In this corner, that corner: Microsoft vs. Google, Apple vs. Proview, T-Mobile vs. Verizon

Today we’re rounding up developments on the countless battles in the technology world.

• The Microsoft-Google lovefest — OK, hatefest — continues, this time in Europe, where Microsoft has filed a formal complaint against Motorola Mobility, the hardware maker Google is buying. Microsoft accuses Motorola of charging too much for patent royalties. “We have taken this step because Motorola is attempting to block sales of Windows PCs, our Xbox game console and other products,” writes Dave Heiner, general counsel for Microsoft, in a blog post this morning titled “Google: Please Don’t Kill Video on the Web.” According to the Associated Press, the patents in question include those related to streaming video online, and both Apple and Microsoft are battling Motorola over them.

By the way, Microsoft has patent deals with most major makers of Android-based devices except for Motorola. Last month, the software giant boasted that it is collecting royalties from 70 percent of Android manufacturers. (See Battles galore: Google vs. (insert party here), plus other tech fights.)

Also in the past week, Microsoft has gone after Google over privacy, joining the chorus of critics after the discovery that Google was bypassing privacy settings in Apple’s Safari Web browser. Microsoft said over the weekend that Google was doing something similar with the Internet Explorer browser. (See On Google, browsers, privacy and trust.)

• Now we turn from patents to trademarks. Apple and Proview Technology, the Chinese company that owns the trademark to the iPad name and has succeeded in getting the popular tablets pulled from store shelves in a couple of Chinese cities because of it, duked it out in court today. The stakes are higher: Proview wants iPad sales banned in Shanghai, which Reuters says is home to three of the country’s five Apple stores. A lawyer for Apple quoted by Reuters said “Proview has no product, no markets, no customers and no suppliers,” and that the Chinese company has not produced a tablet in years. Proview, which is seeking a ban on iPad exports out of China — that would mean all iPads — has said it is willing to settle with Apple. For its part, the Cupertino company has said it bought the trademark rights from Proview years ago.

• T-Mobile has asked the U.S. government to block Verizon Wireless’ $3.9 billion purchase of wireless spectrum, saying it would be anti-competitive. Verizon plans to buy unused airwaves from cable companies Comcast, Time Warner, Cox Communications and Bright House Networks, a move that would hurt smaller wireless carriers such as T-Mobile, according to the Wall Street Journal. That’s because Comcast’s spectrum purchase, along with the failure of AT&T’s proposed purchase of T-Mobile, leaves the nation’s No. 4 wireless carrier with fewer choices for upgrading its network. Public-interest groups also oppose the Verizon spectrum purchase.

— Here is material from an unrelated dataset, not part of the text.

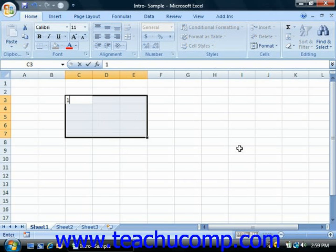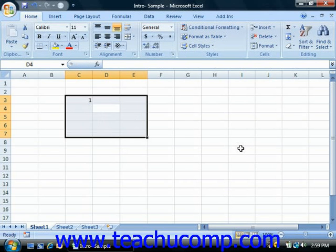You can then move to the next cell within the range or ranges by either pressing the Tab key to move to the right, or the Enter key to move down. Holding down the Shift key and then pressing either of these two keys will move the active cell cursor in the opposite direction of their normal movements.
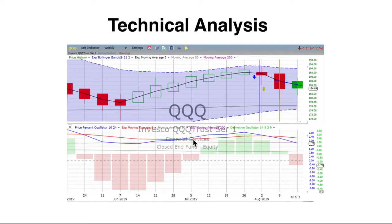What's very interesting about the price percent oscillator is that it is the MACD put into a percentage basis. Since it's done that way, it allows us to compare the performance of stocks within a sector or sectors to indexes, which is very important. That's why we use the price percent oscillator versus the MACD — the moving average convergence divergence oscillator.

“To ‘supersize’ Verizon Wireless with additional spectrum … so that the largest wireless operator can better promote the services of the largest incumbent cable operators directly undermines the pro-competitive policies of the 1996 Act and is thus contrary to the public interest,” said a coalition of nine consumer groups including Public Knowledge and Media Access Project in a brief filed yesterday with the Federal Communications Commission.

In addition, politicians such as Sen. Al Franken, D-Minn., have questioned the coziness of the relationship between supposed rivals Verizon and Comcast, which also recently entered into a shared-marketing agreement.